Index cost is paid once when you build the vector index over your corpus. Query cost is paid every time you embed a user query to perform a semantic search; it compounds with traffic.

Token-to-chunk math: a typical RAG chunk is 200-800 tokens. A 100,000-document corpus with 5 chunks per document averaging 500 tokens each = 250M tokens.

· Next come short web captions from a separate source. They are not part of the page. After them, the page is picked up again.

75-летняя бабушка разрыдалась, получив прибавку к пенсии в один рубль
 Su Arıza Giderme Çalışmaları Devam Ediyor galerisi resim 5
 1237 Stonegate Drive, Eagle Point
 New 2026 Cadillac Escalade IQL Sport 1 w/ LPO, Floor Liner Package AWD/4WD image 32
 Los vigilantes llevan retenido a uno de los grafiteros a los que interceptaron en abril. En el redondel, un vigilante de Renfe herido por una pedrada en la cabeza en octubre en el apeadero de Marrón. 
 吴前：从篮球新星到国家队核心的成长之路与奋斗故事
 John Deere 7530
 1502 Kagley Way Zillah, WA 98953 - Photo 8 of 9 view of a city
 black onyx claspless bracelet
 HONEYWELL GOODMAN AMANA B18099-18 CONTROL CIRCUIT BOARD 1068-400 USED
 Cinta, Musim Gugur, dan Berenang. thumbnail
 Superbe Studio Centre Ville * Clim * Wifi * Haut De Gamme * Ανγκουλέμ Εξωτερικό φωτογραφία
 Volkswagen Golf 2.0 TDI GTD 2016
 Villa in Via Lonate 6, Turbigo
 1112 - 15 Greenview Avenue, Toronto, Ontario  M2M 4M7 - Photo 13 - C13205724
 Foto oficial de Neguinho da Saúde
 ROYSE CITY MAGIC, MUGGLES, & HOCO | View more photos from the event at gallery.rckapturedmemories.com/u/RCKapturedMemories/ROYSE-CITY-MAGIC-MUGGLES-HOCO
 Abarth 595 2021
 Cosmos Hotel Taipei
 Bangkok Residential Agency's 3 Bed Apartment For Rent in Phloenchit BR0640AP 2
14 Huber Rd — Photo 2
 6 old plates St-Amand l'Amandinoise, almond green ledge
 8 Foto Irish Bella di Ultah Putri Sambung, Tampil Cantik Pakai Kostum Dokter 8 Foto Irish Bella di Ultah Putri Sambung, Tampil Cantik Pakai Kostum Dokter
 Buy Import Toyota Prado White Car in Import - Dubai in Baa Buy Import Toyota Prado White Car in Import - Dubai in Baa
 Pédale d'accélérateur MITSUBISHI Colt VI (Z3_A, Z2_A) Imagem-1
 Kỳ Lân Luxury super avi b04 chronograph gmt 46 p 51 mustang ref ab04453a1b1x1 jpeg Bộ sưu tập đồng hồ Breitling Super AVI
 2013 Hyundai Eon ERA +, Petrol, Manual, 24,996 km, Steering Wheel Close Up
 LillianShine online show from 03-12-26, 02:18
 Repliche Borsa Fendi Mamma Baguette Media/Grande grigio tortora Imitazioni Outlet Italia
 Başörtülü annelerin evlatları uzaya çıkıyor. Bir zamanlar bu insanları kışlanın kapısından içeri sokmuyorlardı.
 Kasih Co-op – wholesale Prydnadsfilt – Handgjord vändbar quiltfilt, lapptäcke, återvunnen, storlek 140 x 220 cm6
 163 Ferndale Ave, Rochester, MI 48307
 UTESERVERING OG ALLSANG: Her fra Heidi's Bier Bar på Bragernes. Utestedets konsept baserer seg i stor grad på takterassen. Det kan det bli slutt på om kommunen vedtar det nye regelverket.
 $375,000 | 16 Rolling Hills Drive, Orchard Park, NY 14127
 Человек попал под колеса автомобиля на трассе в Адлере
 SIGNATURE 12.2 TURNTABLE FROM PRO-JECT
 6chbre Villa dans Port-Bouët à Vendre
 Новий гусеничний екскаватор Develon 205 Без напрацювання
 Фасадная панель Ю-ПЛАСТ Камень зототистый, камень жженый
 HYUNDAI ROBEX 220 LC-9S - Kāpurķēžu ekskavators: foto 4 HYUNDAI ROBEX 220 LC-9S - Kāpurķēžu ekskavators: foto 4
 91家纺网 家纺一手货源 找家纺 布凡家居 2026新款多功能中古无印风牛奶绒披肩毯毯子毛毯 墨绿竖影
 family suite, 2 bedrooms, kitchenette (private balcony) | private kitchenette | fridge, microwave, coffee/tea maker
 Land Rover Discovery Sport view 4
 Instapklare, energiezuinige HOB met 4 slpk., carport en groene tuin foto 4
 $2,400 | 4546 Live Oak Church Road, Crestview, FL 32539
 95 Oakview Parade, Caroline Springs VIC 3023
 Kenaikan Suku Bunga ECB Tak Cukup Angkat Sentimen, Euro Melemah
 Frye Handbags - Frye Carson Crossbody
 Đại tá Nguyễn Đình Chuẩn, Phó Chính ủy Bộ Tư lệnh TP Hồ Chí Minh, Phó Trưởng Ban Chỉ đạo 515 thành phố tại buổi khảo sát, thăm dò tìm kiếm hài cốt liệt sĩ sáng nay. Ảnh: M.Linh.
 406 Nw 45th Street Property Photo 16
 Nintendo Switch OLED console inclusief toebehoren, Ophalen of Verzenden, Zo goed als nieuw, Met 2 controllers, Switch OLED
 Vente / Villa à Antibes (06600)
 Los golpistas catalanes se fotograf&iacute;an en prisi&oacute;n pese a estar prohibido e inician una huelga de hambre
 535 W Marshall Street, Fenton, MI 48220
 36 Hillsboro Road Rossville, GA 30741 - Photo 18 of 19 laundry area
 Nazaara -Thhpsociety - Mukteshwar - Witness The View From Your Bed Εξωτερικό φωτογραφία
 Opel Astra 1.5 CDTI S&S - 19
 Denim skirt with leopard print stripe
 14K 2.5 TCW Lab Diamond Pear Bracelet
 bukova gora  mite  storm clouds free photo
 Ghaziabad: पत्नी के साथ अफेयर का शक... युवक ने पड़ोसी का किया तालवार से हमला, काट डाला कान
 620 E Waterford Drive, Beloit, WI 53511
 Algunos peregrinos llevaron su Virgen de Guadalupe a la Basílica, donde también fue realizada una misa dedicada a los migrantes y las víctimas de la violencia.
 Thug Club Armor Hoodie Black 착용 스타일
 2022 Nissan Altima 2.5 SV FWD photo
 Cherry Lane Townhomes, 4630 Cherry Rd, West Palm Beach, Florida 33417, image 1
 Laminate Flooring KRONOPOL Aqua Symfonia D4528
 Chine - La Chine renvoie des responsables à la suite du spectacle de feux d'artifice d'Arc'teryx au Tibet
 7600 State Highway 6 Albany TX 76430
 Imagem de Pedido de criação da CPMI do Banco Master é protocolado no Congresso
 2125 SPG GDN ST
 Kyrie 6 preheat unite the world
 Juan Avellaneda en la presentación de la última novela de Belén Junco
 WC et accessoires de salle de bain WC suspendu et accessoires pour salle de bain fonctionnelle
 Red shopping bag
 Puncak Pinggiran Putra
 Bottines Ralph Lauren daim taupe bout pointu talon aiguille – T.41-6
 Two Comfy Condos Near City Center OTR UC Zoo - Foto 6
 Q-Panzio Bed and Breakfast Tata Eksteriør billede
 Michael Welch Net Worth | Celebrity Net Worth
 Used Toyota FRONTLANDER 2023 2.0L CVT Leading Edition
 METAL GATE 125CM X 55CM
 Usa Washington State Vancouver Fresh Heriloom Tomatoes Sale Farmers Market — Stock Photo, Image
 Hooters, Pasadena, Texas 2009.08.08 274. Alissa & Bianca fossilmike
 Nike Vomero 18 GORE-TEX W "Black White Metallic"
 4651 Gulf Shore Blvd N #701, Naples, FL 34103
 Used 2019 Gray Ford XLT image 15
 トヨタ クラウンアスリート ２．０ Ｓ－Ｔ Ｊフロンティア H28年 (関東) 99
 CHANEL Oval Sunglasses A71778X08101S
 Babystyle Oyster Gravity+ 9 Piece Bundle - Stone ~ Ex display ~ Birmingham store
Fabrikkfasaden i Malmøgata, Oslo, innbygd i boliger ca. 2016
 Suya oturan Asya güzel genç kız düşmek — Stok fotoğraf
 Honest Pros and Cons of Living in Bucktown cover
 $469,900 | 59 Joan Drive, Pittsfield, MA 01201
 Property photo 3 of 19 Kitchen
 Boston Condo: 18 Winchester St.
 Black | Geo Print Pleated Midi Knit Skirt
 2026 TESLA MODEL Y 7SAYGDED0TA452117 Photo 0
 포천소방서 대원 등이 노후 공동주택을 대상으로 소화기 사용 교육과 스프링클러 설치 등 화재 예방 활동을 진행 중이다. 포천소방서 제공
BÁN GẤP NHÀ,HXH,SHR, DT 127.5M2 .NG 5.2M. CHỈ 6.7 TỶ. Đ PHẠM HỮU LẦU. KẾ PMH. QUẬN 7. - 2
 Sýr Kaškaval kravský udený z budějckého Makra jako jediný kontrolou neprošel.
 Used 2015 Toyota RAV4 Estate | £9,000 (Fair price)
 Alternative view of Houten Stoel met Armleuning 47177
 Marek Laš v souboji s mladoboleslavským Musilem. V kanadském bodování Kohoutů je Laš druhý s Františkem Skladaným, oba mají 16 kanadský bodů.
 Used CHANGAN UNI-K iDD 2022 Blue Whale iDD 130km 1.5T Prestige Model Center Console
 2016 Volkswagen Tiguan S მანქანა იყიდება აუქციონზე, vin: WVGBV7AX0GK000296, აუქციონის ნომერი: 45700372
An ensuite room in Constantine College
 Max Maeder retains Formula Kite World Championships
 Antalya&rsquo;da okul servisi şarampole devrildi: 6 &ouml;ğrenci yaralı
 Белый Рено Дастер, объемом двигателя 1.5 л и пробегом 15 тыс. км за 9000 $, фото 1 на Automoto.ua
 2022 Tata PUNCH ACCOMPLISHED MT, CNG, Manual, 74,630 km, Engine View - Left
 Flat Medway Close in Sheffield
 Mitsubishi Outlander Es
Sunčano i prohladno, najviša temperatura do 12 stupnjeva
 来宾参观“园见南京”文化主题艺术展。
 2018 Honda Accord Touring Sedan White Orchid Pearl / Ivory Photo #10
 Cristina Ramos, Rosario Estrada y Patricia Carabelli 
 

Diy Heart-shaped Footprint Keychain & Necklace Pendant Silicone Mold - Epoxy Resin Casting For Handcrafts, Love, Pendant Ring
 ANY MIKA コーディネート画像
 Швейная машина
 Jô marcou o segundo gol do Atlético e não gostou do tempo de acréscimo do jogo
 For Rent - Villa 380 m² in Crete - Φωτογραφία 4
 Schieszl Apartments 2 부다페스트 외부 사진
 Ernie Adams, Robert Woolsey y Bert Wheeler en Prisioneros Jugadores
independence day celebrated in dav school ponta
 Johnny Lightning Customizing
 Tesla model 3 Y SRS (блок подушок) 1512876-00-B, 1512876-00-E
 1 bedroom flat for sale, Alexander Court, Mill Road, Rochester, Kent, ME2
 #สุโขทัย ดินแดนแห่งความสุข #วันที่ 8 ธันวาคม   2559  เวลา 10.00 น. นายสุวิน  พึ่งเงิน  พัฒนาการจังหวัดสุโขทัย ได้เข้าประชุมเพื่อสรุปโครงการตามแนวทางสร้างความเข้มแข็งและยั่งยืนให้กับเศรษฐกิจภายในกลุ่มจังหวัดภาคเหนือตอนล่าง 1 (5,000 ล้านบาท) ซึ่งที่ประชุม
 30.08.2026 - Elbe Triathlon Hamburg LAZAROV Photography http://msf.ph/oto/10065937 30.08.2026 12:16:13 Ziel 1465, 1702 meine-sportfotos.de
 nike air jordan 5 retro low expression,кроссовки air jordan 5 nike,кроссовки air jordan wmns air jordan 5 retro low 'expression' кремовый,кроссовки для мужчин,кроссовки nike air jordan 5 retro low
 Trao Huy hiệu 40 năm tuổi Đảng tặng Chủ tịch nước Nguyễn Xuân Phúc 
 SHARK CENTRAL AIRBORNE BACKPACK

With text-embedding-3-small at $0.02/1M, indexing costs $5. At Voyage 3 Large ($0.18/1M), it costs $45. The decision is rarely 'can we afford to index' — it is 'which model gives best recall per dollar at our scale.'

The query side is often larger than teams expect. A 100k-query-per-day app at 50 tokens per query = 5M tokens per day = 150M tokens per month. On text-embedding-3-small that is $3 per month; on Voyage 3 Large, $27 per month. Cheap relative to the LLM bill but worth measuring.

Worked example 1: indexing a 1M-chunk corpus

Reference workload: 1M chunks averaging 500 tokens each = 500M total tokens.

OpenAI text-embedding-3-small: 500 × $0.02 = $10. OpenAI text-embedding-3-large: 500 × $0.13 = $65. Voyage 3 Large: 500 × $0.18 = $90. Voyage 3 Lite: 500 × $0.02 = $10. Cohere embed-v4: 500 × $0.12 = $60. Google text-embedding-005: 500 × $0.025 = $12.50. Jina v3: 500 × $0.018 = $9. DeepInfra BGE: 500 × $0.005 = $2.50.

All cheap in absolute terms. The 18x spread ($2.50 to $90) is real but for a one-time index build it rarely drives the decision. What drives the decision is downstream: recall quality on your specific corpus, vector dimension (which affects storage), and requery cost at production traffic.

Quality note: text-embedding-3-large reliably outperforms 3-small on most published retrieval benchmarks by 3-7%. Voyage 3 Large and Cohere embed-v4 trade places with text-embedding-3-large at the top of MTEB depending on domain. For specialized domains (legal, medical, code), domain-tuned variants — Voyage Code 3 for code, Cohere domain-tuned embeddings — typically beat general-purpose models by 10-20% on in-domain queries.

Worked example 2: 10M chunks indexed + 1M queries/month

Production scale: 10M chunks × 500 tokens = 5B index tokens, plus 1M queries/month × 50 tokens = 50M query tokens, plus reindexing 5% of corpus per month = 250M tokens of churn.

Total monthly tokens: ~300M (queries + churn). Index amortized over 12 months: 5,000 / 12 = 417M/month effective.

text-embedding-3-small monthly bill: (300M × $0.02 + 417M × $0.02 amortized) = $6 + $8.34 = $14.34. text-embedding-3-large: $39 + $54.21 = $93.21. Voyage 3 Large: $54 + $75 = $129. Cohere embed-v4: $36 + $50 = $86. DeepInfra BGE: $1.50 + $2.08 = $3.58.

These bills are small relative to typical LLM spend at 1M-query scale, which is often $5,000-$30,000/month. Embedding cost is a rounding error on most production budgets — choose by recall quality, not by raw $/1M, unless you are at 100M+ queries per month.

Where embedding cost does dominate: full-corpus reindex churn. If you reindex 50% of corpus monthly because the model changed or the chunking improved, the bill swings from $14 to $200+ on a 10M-chunk corpus. Plan reindex cadence carefully.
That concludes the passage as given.